Short web captions

────

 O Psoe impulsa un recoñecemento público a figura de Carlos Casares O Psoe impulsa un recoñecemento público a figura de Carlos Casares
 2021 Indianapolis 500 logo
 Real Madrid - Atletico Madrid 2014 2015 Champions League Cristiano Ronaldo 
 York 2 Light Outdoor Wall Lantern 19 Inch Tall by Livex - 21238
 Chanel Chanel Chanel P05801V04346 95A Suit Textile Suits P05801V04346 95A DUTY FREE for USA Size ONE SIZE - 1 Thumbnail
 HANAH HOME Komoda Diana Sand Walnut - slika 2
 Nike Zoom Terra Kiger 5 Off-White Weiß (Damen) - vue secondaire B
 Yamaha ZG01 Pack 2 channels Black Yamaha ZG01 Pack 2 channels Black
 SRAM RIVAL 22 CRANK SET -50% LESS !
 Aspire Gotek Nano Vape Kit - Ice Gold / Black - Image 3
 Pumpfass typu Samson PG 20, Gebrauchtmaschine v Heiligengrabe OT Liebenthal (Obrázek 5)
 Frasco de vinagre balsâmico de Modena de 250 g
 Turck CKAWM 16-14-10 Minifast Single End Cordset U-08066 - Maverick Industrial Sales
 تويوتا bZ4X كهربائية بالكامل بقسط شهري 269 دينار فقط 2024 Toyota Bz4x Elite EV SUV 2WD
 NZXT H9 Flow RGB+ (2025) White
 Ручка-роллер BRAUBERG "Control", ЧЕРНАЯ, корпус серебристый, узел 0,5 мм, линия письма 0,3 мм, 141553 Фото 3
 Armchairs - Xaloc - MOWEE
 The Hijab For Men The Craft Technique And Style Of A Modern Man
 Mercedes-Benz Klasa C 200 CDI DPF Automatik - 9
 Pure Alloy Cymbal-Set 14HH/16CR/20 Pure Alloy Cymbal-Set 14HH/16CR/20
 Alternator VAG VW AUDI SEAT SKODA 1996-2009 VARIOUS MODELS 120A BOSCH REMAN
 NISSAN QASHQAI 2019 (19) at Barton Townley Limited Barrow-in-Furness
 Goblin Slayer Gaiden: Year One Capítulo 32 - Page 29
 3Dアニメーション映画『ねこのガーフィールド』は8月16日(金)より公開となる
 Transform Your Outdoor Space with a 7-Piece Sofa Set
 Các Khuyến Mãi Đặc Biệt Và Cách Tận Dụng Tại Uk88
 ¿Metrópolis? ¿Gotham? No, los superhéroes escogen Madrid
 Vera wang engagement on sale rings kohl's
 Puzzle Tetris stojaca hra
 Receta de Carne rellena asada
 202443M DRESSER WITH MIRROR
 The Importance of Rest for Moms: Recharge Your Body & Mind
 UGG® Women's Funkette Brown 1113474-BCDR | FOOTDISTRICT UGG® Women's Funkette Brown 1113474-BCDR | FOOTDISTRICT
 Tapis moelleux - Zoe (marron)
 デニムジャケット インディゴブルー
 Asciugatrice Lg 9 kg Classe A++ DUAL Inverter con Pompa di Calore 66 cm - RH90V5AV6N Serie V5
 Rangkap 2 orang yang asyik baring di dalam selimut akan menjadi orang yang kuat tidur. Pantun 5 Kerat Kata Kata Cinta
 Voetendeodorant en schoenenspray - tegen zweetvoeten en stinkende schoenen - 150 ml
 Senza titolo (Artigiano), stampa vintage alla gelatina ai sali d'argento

────

BRIEF | All lines from the one containing "Rangkap 2 orang" to the end of the data above are to be set down exactly; no others belong in the answer.

FINAL ANSWER |
 Rangkap 2 orang yang asyik baring di dalam selimut akan menjadi orang yang kuat tidur. Pantun 5 Kerat Kata Kata Cinta
 Voetendeodorant en schoenenspray - tegen zweetvoeten en stinkende schoenen - 150 ml
 Senza titolo (Artigiano), stampa vintage alla gelatina ai sali d'argento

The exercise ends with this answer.